Book Review | Aug 2025
Silk Silver Opium: The Trade with China that Changed History
Our Rating: (4/5)
Reader Rating: (5/5)
Author: Pembroke, Michael
Publisher: Hardie Grant Books
ISBN: 9781761451980
RRP: 37.99
See book Details

Michael Pembroke is a retired Supreme Court judge who certainly surprised this reviewer with his Play by the Rules – an excoriating critique of US foreign policy since World War II that now seems strangely prescient.

There is a large literature on the Opium Wars and if you are looking for a China specialist on the subject – one who has actually read the Chinese Imperial archives – I recommend Julia Lovell’s The Opium War. William Dalrymple’s Empire podcast has also recently traversed this much-contested ground.

Pembroke is a non-specialist on China, and this is essentially a work of synthesis but what it does offer is a convenient and well-researched overview of the West’s economic connections with China from the Roman period until the fall of the Chin Dynasty in 1912.

For most of this period China was wealthier and technologically more advanced than the West and ran substantial trade surpluses. That changed in the 19th century for reasons that included the West’s temporary military advantage: an unpopular and increasingly inept foreign dynasty and massive internal rebellions (the Taiping and Boxer) aggravated by war indemnities. The outcome is known in China as the century of Humiliation.

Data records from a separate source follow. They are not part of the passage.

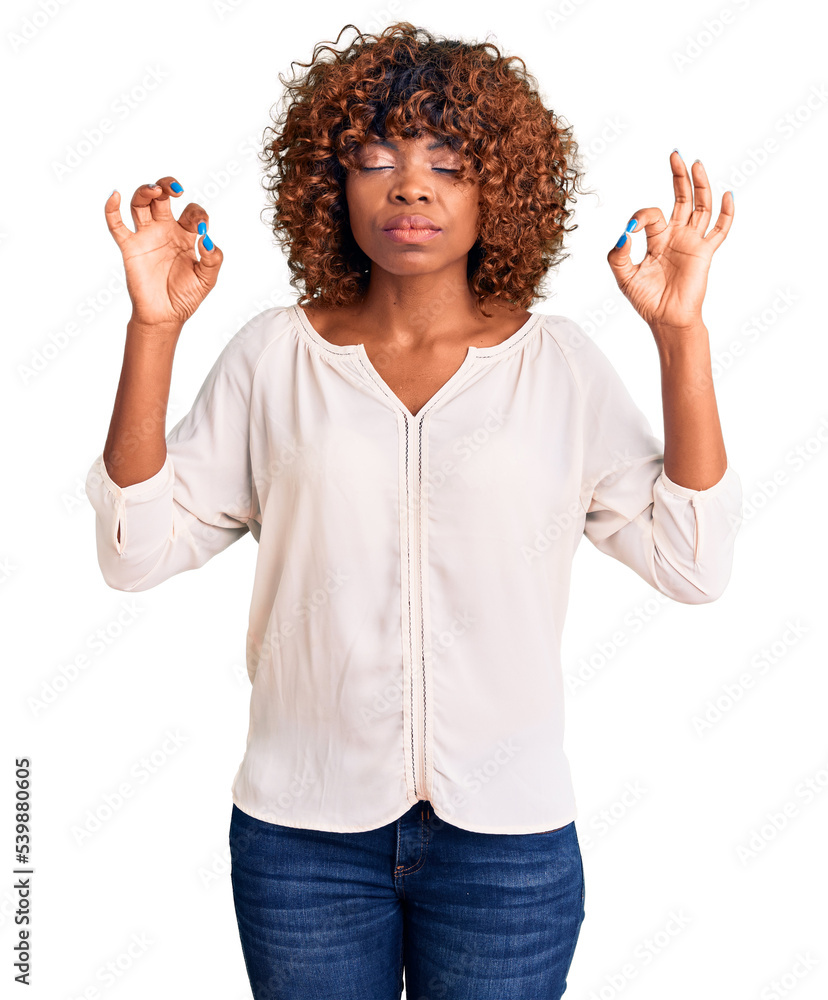 Wall mural Young african american woman wearing casual clothes relax and smiling with eyes closed doing meditation gesture with fingers. yoga concept.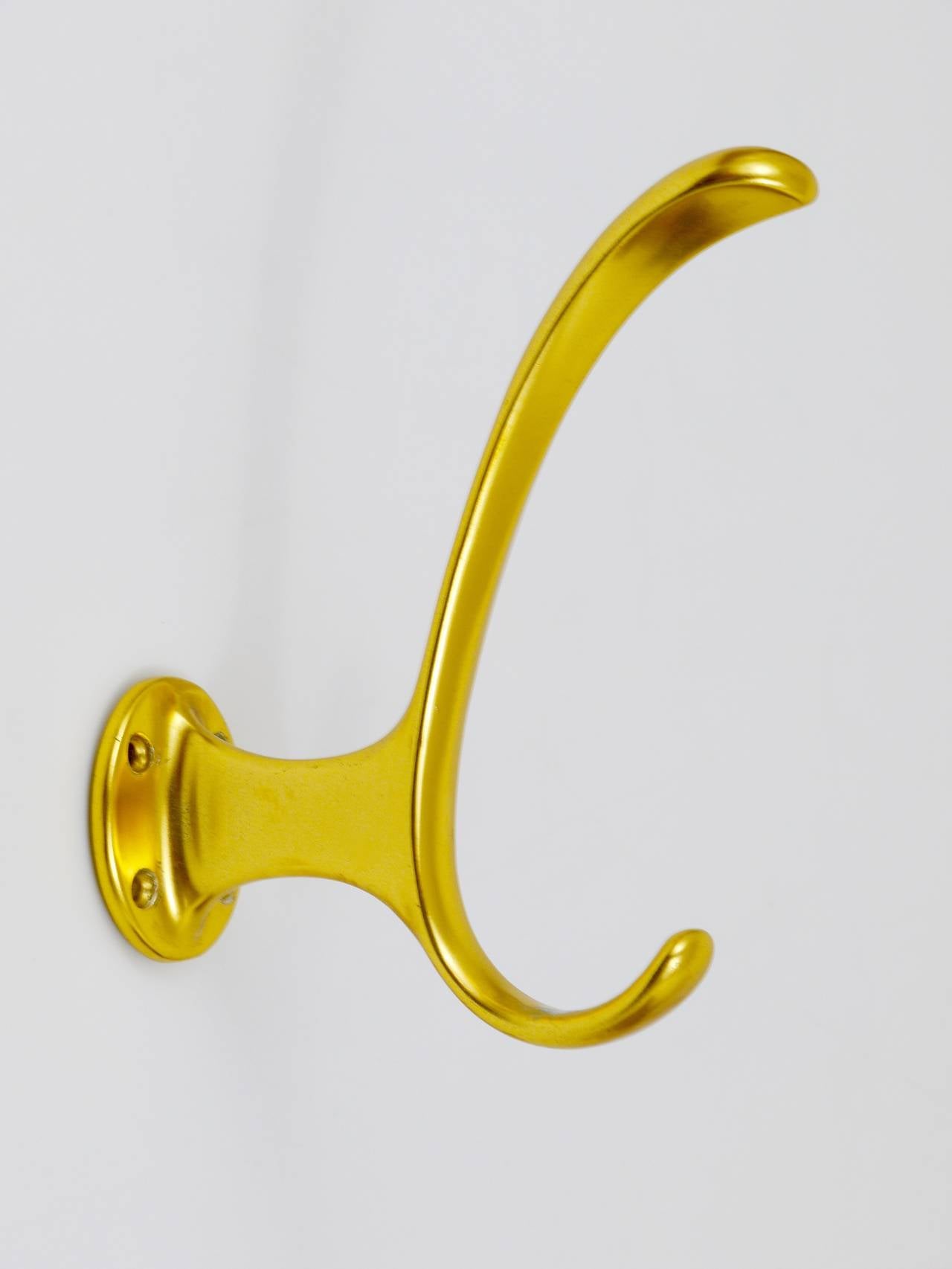 A set of 4 beautiful modernist wall hooks, executed in the 1950s in Austria. Made of gold-finished aluminium, in very good condition, with marginal patina.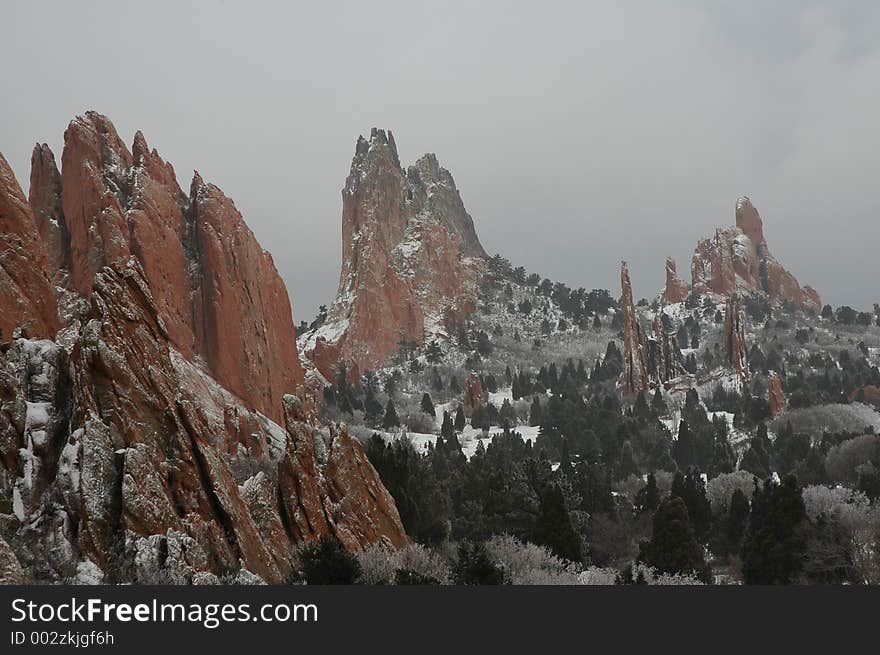 Snowy Landscape with Red Rock Formations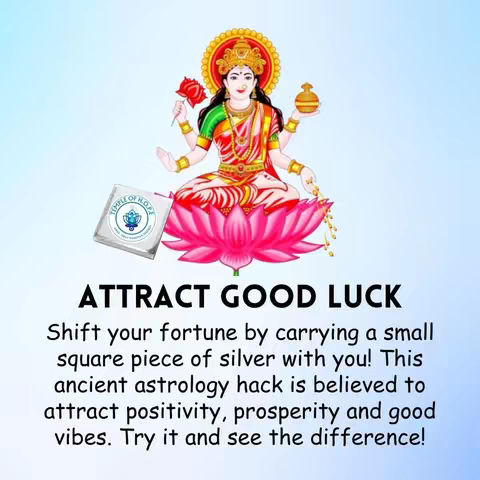 The image features a seated female figure with multiple arms, adorned in red and gold clothing, floating above a pink lotus flower. The figure is surrounded by a golden halo and holds items in her various hands. The text overlay reads "ATTRACT GOOD LUCK" in bold, black letters. Below, supporting text explains an astrology hack to attract positivity, prosperity, and good vibes.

Anyone wanting to understand the current breakdown of the so-called Rules-Based Order and the likely direction of the West’s relationship with China needs to understand this history and Silk Silver and Opium is a good place to start.

Reviewed by Grant Hansen

Michael Pembroke, author
ABOUT THE AUTHOR

Michael Pembroke was born in Sydney and educated at the universities of Sydney and Cambridge. His first book was Trees of History & Romance (2009); his second, Arthur Phillip – Sailor, Mercenary, Governor, Spy (2013), was short-listed for the Prime Minister’s Literary Awards; his third book Korea – Where the American Century Began (2018) was short-listed for the Queensland Literary Awards and the NSW Premier’s History Awards. Pembroke’s most recent book, a polemic about American leadership entitled Play By the Rules (2020), was published in the United States as America in Retreat (2021).

He has written for Time Magazine, Al Jazeera, the South China Morning Post and many Australian news publications. He studied French and Mughal history at university but succumbed to a career in the law. For 35 years, he and his wife developed a much loved garden at the cool climate hamlet of Mount Wilson in the Blue Mountains on Sydney’s western fringe.

Visit Michael Pembroke’s website

Reader Comments

1 Comment

  1. Patrick Brislan





    (5/5)

    An absolutely riveting book. The author’s comprehensive historical account using many sources and explanatory backgrounds, paint vivid pictures of actual events, particularly in the nineteenth century. They are particularly revelatory if one is to understand the vast impact of the West’s imperial impositions on China, and its understandable desire to rectify ‘a century of humiliation’.